** Task details **
Every line below between the one holding "2019 Ram 1500" and the one holding "حمل و خروج گندم", inclusive, should be copied exactly, and no other line.

### Data records ###

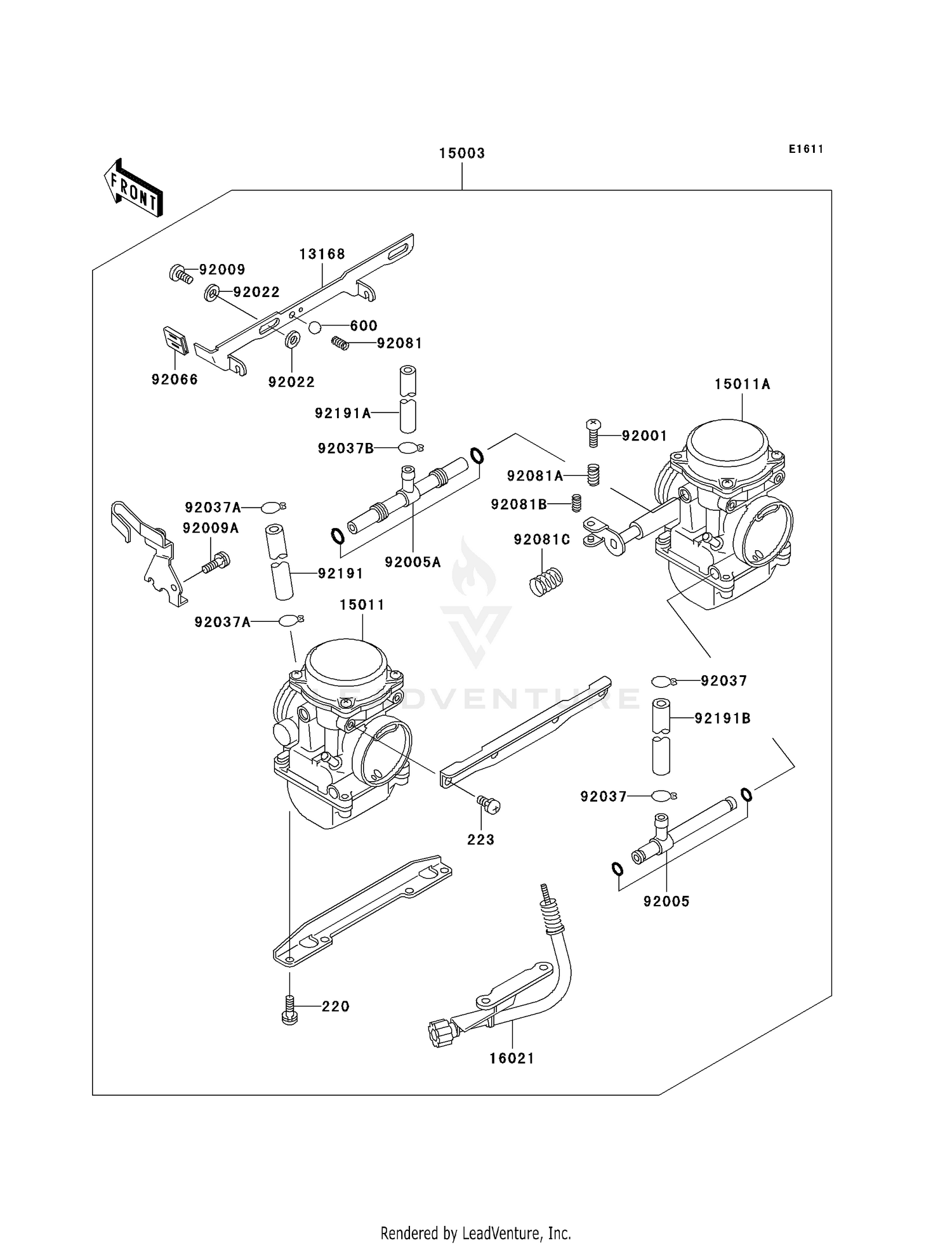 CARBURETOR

###
### Data records ###

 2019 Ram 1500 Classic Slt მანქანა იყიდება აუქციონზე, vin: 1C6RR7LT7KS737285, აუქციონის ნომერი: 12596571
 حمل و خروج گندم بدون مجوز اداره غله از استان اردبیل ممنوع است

###
### Data records ###

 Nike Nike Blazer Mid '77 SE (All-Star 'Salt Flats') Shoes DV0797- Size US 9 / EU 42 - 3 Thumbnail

###

** Result of the exercise **
 2019 Ram 1500 Classic Slt მანქანა იყიდება აუქციონზე, vin: 1C6RR7LT7KS737285, აუქციონის ნომერი: 12596571
 حمل و خروج گندم بدون مجوز اداره غله از استان اردبیل ممنوع است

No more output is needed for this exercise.